There’s a bonus for everyone involved. You get great content for your readers. You also get the momentum of the news stories you shared, which means more people will find your site through searches. You appear to be an expert in your niche. For your audience, they get relevant news stories presented to them from various sources in one place – from you.
What to Share
The ‘news’ you share can be anything. It doesn’t have to be a story from BBC. It could be a blog post, a video on YouTube, an entire Kindle book, an infographic, etc. What matters is that it’s relevant to your audience. No matter what you’re sharing, it has to be something they’re really into.
The way to find good content to share is to stay tuned. Find news channels, subscribe to feeds, and search the web to see what’s going on right now. A good way to do this is to set alerts based around specific keywords. As soon as something new appears online that’s related to those keywords, you can check it out and share.
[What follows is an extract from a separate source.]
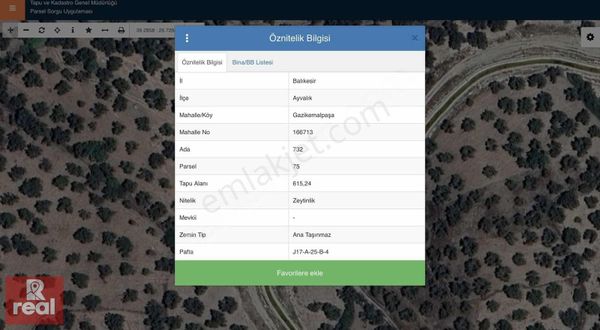 Ayvalık Merkeze 5 Km Mesafede Kanala Sıfır Zeytinlik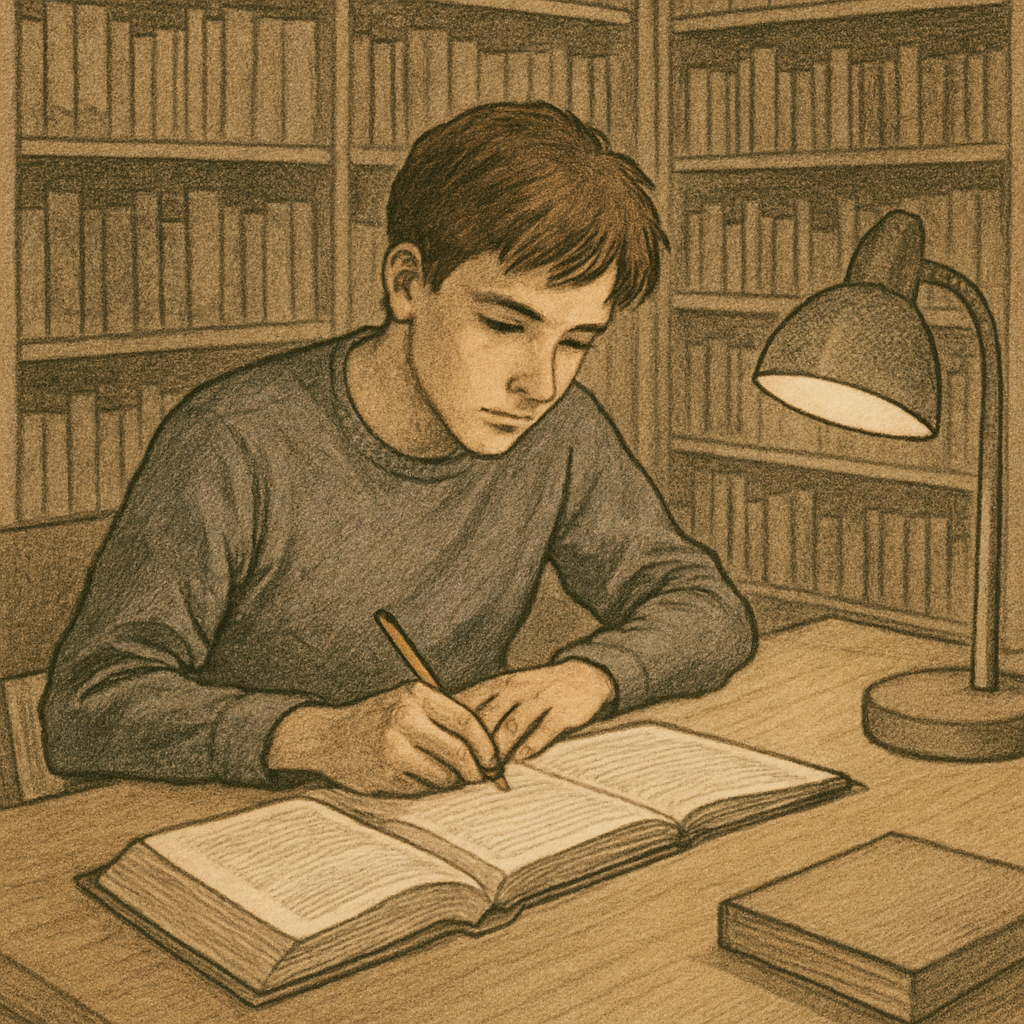 Student studying alone in a library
The content you share doesn’t have to be exactly related to your niche. You just need to be able to make a connection. That’s the important part. For example, if your audience is made up of American expats, you shouldn’t only look for strictly expat-related news. A breaking story about new airlines offering cheap international flights would be a great story to share. Tell them how this will impact them, making it easier for them to visit home or travel elsewhere.
Sharing in Real-Time
In order to newsjack successfully, you need to be quick and on the ball. You not only have to find stories but also write about them quickly and accurately. You need to ‘translate’ it for your audience, explaining its relevance, and do it as soon as possible before they see the story elsewhere.
Injecting your own ideas and opinions is what gets you status as an expert. Use your writing to spark a discussion and you’ll engage your readers with the news you share.
There’s just one thing to keep in mind – in some cases, newsjacking around sensitive stories can appear sleazy. Lots of companies tried to capitalize on stories about Hurricane Sandy. One was Gap, which jacked the hashtag #sandy to get more search traffic. Keep in mind that a good number of your fans know exactly what you’re doing when you share stories. Keep it ethical.